Have you ever heard of the phrase better late than never? Anyone who hasn’t it usually refers to something that should have been done at an earlier occasion but finally when it does, at least this is better than for it staying unresolved. I am sure many people would apply this phrase when thinking back over a decade ago when a certain event happened that should have occurred many decades before.
This was the date that in Washington, D.C., the National World War II Memorial opens its’ doors to visitors numbering in the thousands; this was an overdue recognition that provided for the 16 million men and women who served for the United States during the war. The memorial is on 7.4 acres located on the previous site of the Rainbow Pool in the National Mall; this lies between the Lincoln Memorial and the Washington Monument. Arlington Cemetery is a tad across the Potomac River to the west while the Capitol dome can be viewed to the east.
The bronze and granite monument contains fountains between arched representing hostilities in the Far East and Europe. The arches are edged by pillars of semicircles which symbolize one each for the District of Columbia, states and territories. There is a wall that is curved beyond the pool that contains 4,000 gold stars; each star represents 100 Americans who died in the war. There is an Announcement Stone that states that this memorial recognizes those “Americans who took up the struggle during the Second World War and made the sacrifices to perpetuate the gift our forefathers entrusted to us: A nation conceived in liberty and justice.”

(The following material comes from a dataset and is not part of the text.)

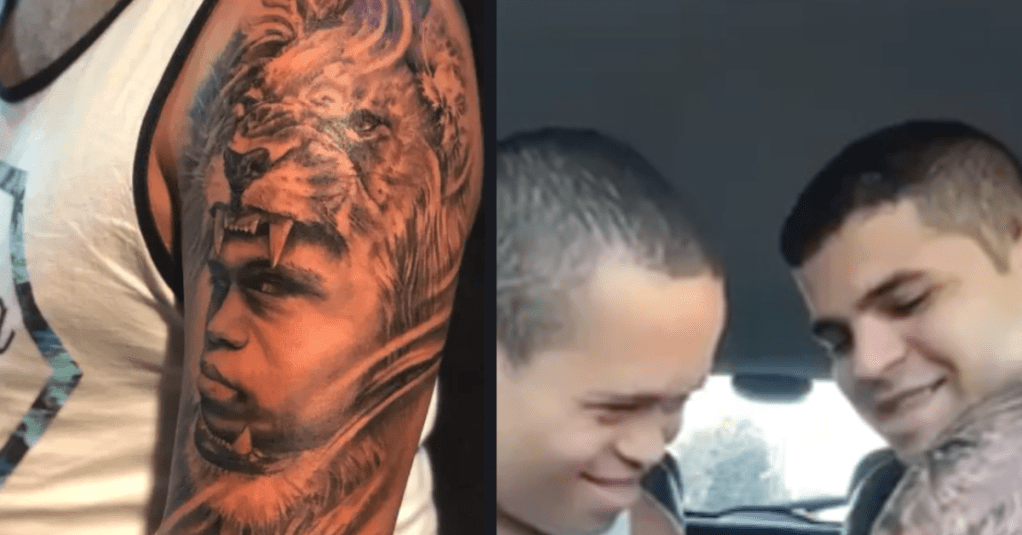 Man Got a Tattoo of His Little Brother With Down Syndrome and He Absolutely Loves It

Even though $16 million was donated to the memorial fund by the federal government, private donations totaled $164 million that was needed to complete its’ construction. The biggest vocal supporters for the memorial was actor Tom Hanks and the previous Kansas Senator Bob Dole; the former senator became severely hurt during the war. Sadly, of the 16 million Americans who served during the war, only a fraction of them would ever view it. According to government records, living at the time were four million World War II veterans and over 1,100 of them passed away every day.
Roger Durbin of Berkey, Ohio was the inspiration for the memorial; he ended up serving under General George S. Patton. While attending near Toledo a fish fry in February 1987, he questioned U.S. Republican Marcy Kaptur why on the Mall there was no memorial to recognize veterans of World War II. Being a Democrat from Ohio, Kaptur would eventually introduce legislation to construct one; this began a process that would tumble along through artistic and legal entanglements as well as legislative hurdles lasting 17 years.
U.S. President George Bush would formally dedicate the monument on May 29th, 2004. Within 2005, the monument received 4.4 million visitors as it was open 24 hours a day and seven days a week.